Ernest’s works evolve as conflicts change, mutate, and reawaken. Conflicts on all levels – public and private, professional and personal – structure the history of art, practically, intellectually, and critically. Indeed, they are, directly or indirectly, inherent to the making of a work of art.
Take, for example, Dutch-American abstract expressionist artist Williem De Kooning, a painter who puts onto the canvas everyone’s desire, frustration, conflict, pleasure and pain – as seen in his painting Woman V (1953), whose impact comes from the apparent conflict between the violence of the brush strokes and the subject of woman, between the slashing strokes and her big smile. Or Paul Klee’s abstract paintings featuring weapon-related imagery and directly related to the outbreak of the First World War and its impact on his life. Paintings that seek to express the oppression, fear, menace, and destruction wartime populations endured on a mass scale within a global conflict.
In these paintings, as in many other works in the history of art, the scenes rendered, and the mood and tone set by each artist are very different. How and why do artists represent conflict? The answer depends on the social, political, and historical context in which the work is made, as well as on the artist’s relationship to the subject and the intended viewing audience.

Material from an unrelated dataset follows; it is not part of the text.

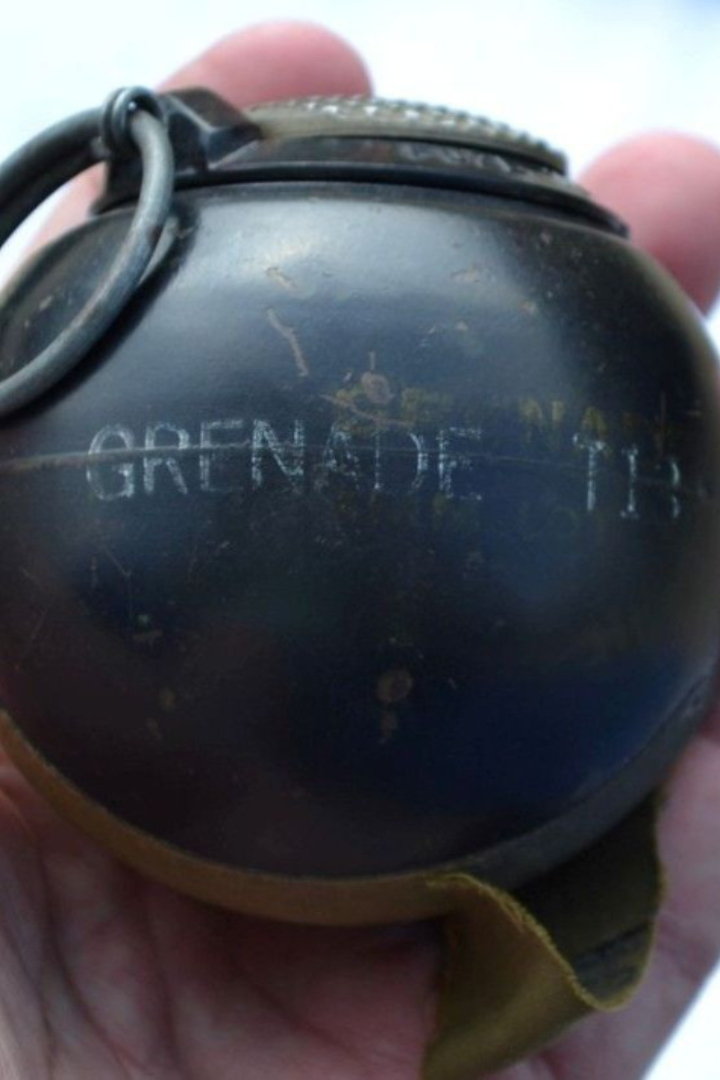 Ближе к окончанию Второй Мировой войны в США была разработана граната T13 Beano, которая по форме, весу и размеру была максимально приближена к обыкновенному бейсбольному мячу.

According to Ernest Concepcion, conflict is the catalyst for everything: conflict within himself or between the materials and the media he uses. In the artist’s own words, it is when he goes through “conflict” that he feels more alive and more focused on his artistic practice.
In The Line Wars, Concepcion creates a narrative by drawing these conflicts in a spontaneous yet precise and figurative way, using only a single type of pen with black ink on a simple paper. These drawings now are mutating into freer and wider brushstrokes, melting into each other, as part of his artistic and personal evolution towards abstraction, the “unknown”.
Ernest Concepcion steps out from the figurative towards the abstract to free himself and his works from the lines of his drawings (his trademark over the last twenty years of practice), as the artist himself states. To achieve this, his practice and its process has changed as well as the flow of ideas onto the canvas.
In Source Code, consisting of eight mostly black-and-white canvases, Concepcion explores new materials – such as tar – and the mixture between them, giving the paintings a wide range of tonalities, layers and other qualities, which creates a visual “conflict”.
In his studio, Ernest observes the works, gives them space, zooms out and then creates a dialogue with them, just by stepping away, letting the works speak by themselves. He puts his inner conflict into ideas, converting the story into an unobvious one, deconstructing the lines and not necessarily filling all the white spaces on the canvas, letting viewers create their own stories.
Source Code, which the artist defines as ‘the fundamental component of a computer program that is created by a programmer´, is also referred to as the before and after. The same happens with Ernest Concepcion’s artistic practice when moving from the figurative to the abstract, opening a new door while not closing the previous one.
“Every now and then one paints a picture that seems to have opened a door and serves as a stepping stone to other things. That’s how I feel about unlearning as a stepping stone to new possibilities.” Pablo Picasso.